When trying ICU 73, I’ve noticed that some strings are ordered differently than with the previous version with collations whose versions haven’t changed.

It turns out to be an ICU bug that is due to an uncommon move, as told in the bug’s comments:

this change was basically a cherry-pick from the then-future Unicode 15.1 change […] I think this is the first time (at least for over ten years) that we changed the root sort order without upgrading to a whole new Unicode version.
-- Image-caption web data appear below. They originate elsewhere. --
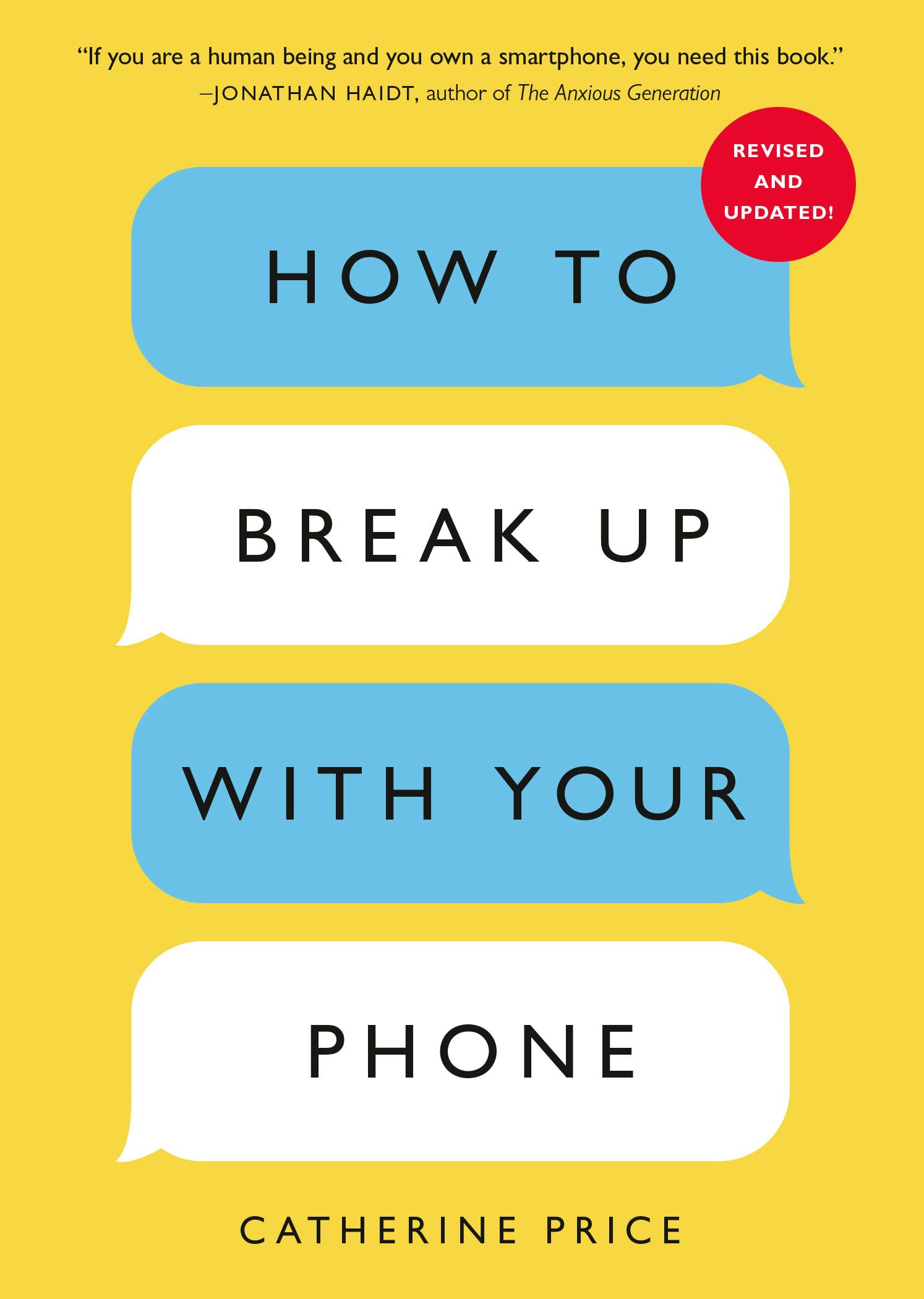 How to Break Up with Your Phone Social Sciences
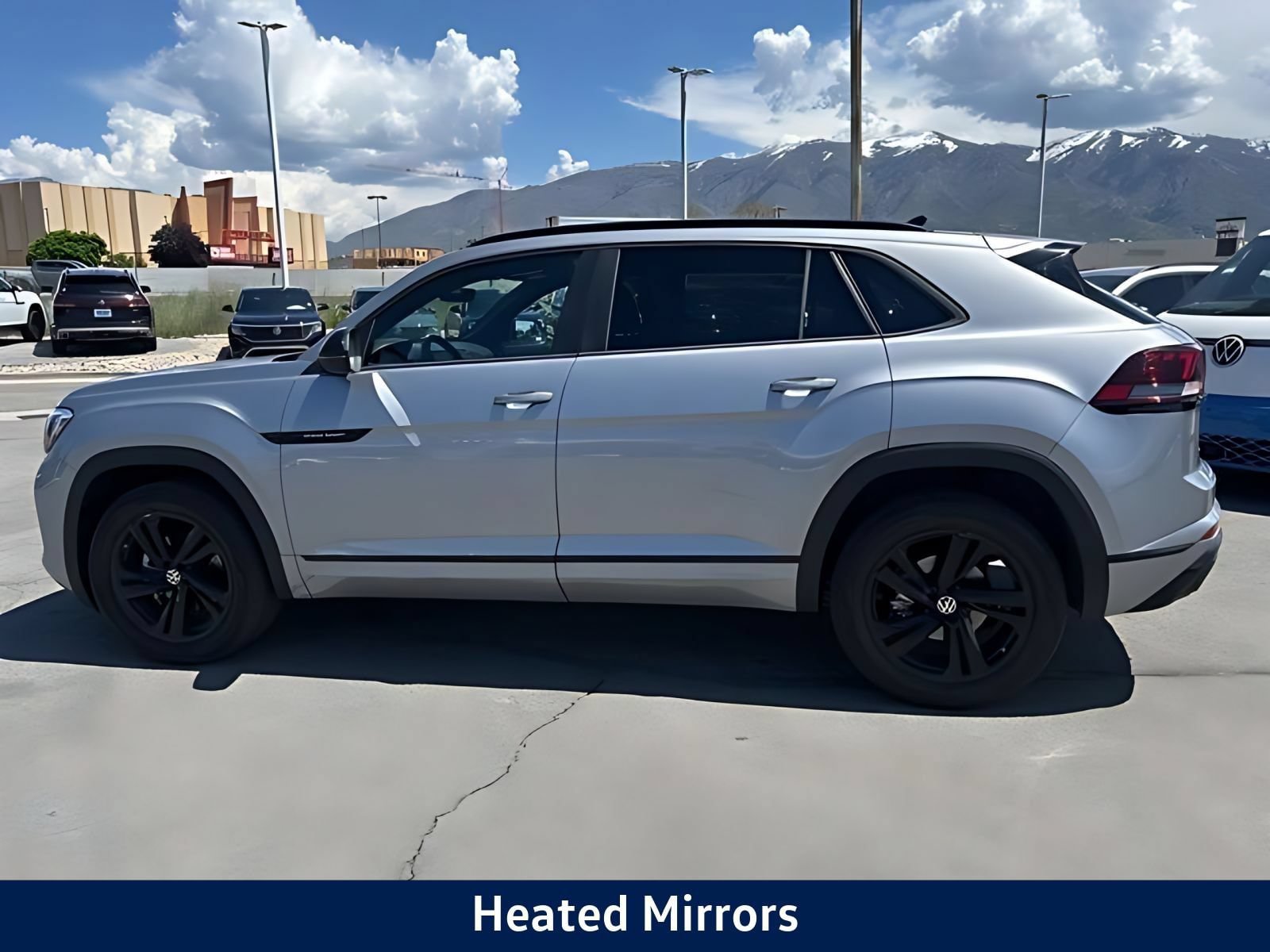 New 2026 Volkswagen Atlas Cross Sport SEL R-Line AWD/4WD image 6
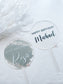 Decal Acrylic Cake Toppers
That’s a problem for Postgres, as we’re counting on these version numbers to change whenever collations change.

The Postgres context

Each time Postgres loads an ICU collation in memory, it compares the version it has stored previously (into pg_collation.collversion orpg_database.datcollversion) against the version currently reported by the library. If they differ, it warns about it with a message like the following, for the database-wide collation, right after connecting:

WARNING:  database "icudb" has a collation version mismatch
DETAIL:  The database was created using collation version X.Y, but the operating system provides version X.Z.
HINT:  Rebuild all objects in this database that use the default collation and run ALTER DATABASE icudb REFRESH COLLATION VERSION, or build PostgreSQL with the right library version.

Or this other kind of message, when the collation is refered to explicitly with a COLLATE clause:

WARNING:  collation "en-x-icu" has version mismatch
DETAIL:  The collation in the database was created using version X.Y, but the operating system provides version X.Z.
HINT:  Rebuild all objects affected by this collation and run ALTER COLLATION pg_catalog."en-x-icu" REFRESH VERSION, or build PostgreSQL with the right library version.

This warning must not be ignored. It means that indexes could be walked using comparisons that might yield different results than when the indexes were read and written to with the previous version. That can quickly lead to silent data corruption. The simplest action to take is to rebuild all indexes that refer to text columns, so that the “new order” sets in before any application code is allowed to interact with the database.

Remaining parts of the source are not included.